I started jotting dreams in my journal recently. Not the eyes closed type of dreams. The spirit open type...the blow the lid off, what if, no caveat sort of dreams that my cynic heart finds it's way to once in a blue moon. I have even been brave enough to speak of them a little. In a joking way, the way you want to speak of things if you want to be able to back off and insist you were kidding.

But I am not kidding.

I mean some of this stuff. Deep inside, I mean it. I'm life and death serious on the inside. I'm moving toward saying it without the caveats.

I stuck a sticker on my moleskine journal this morning. That makes three. No biggie to most of you, but this is the first journal I've stuck stuff on - the first several journals remained funeral-home black on the outside, with all the color and text and dreams on the outside.

I think that subconsciously, the stickers on the outside of this one signify something. Maybe it's time the creativity moved to the covers instead of the inner pages of my heart.

4 comments:

Anonymous said...

You're making sense to me, which isn't saying much. At 40 may you be a creatively covered moleskin...Let the reader understand.

Kelsey Bohlender said...

The cool thing is that if some of that stuff doesn't happen at 40 or 50 or 100 then you have the whole millennium and beyond.

Anonymous said...

What was the 3rd sticker? I noticed one missing off my laptop today... hmmm.

Anonymous said...

As a 38-year old, I am glad I have one more year than you to move toward my "On my 40th birthday I want to____"

The reason is that I seem to have forgotten how to dream.

I didn't even realize that until I read your post and your description of 'jotting dreams' in your journal sounded familiar. It was with sadness that I realized "I used to be able to do that; but now I don't even know where to start."

So I'm going to start.

Thank you for the spark.

The pressure of life seems to have the sole goal of taking my mind off of the very things for which I am enduring the pressure in the first place!
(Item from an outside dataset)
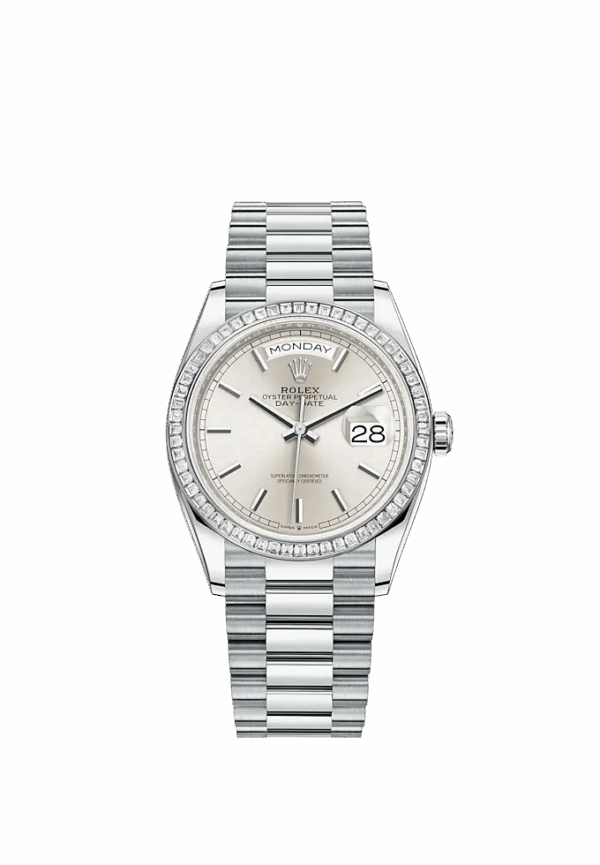rolex day date 36mm platinum and diamonds ref23 128396tbr 0004 4405 axdrr.png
It is a fiendishly clever ploy.

It is like going to a movie that you've wanted to see, but the only seat available is front-row center.
Sure, you are watching the movie you wanted to see, but you are positioned so that you cannot enjoy it because your perspective is wrong (this literally happened to me once - I was unable to enjoy seeing a movie I had been waiting six months to see).

Thanks for doing this blog, it is always at least mildly entertaining and occasionally profound.